Last Updated: 7/1/2005
This protocol is intended as a guide for anesthesia care providers and other health care professionals to be prepared to recognize, treat and prevent malignant hyperthermia (MH).
ROUTINE PRE-OPERATIVE QUESTIONING
All patients about to undergo general anesthesia should be asked these specific questions as part of a medical history:
- Is there a family or personal history of MH and/or any known atypical response to anesthesia?
- Is there a family or personal history of a muscle or neuromuscular disorder (e.g., muscle weakness, serious muscle cramps, etc.)?
ADDITIONAL USEFUL QUESTIONS MAY INCLUDE:
- Have there been unexpected deaths or complications arising from anesthesia (including within the dental office) with any family members or blood relatives?
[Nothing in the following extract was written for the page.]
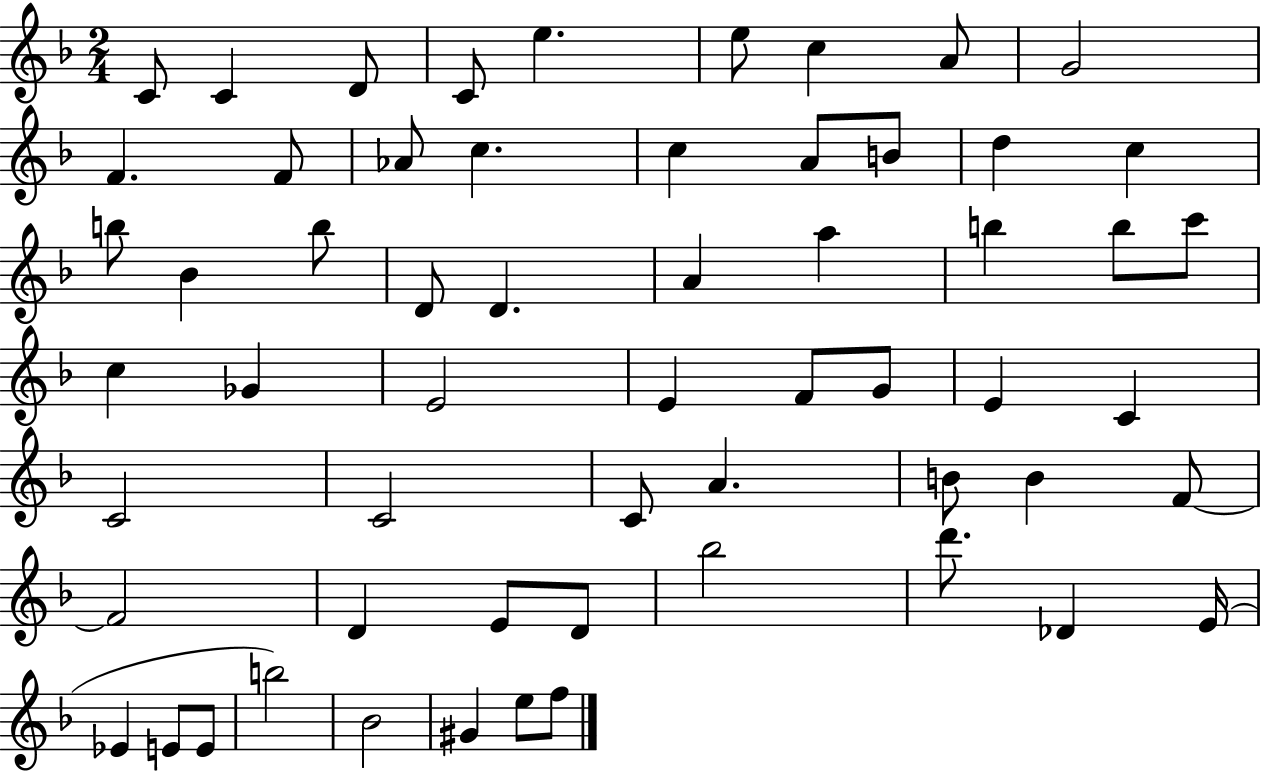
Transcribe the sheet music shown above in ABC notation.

- Is there a personal history of dark or cola-colored urine immediately following anesthesia or serious exercise?
- Is there a personal history of unexplained and unanticipated high fever either during or within the first several hours following surgery?
- Is there a personal history or family history of high temperature or death during exercise?
INTRA-OPERATIVE PREPAREDNESS
The following precautions should be taken in order to detect a potential episode of MH in its early stages; i.e., when it is usually amenable to treatment without significant sequelae.
Planning Ahead
- A written treatment plan should be posted in several convenient or conspicuous locations in the OR and PACU area. A plan such as this is available from MHAUS.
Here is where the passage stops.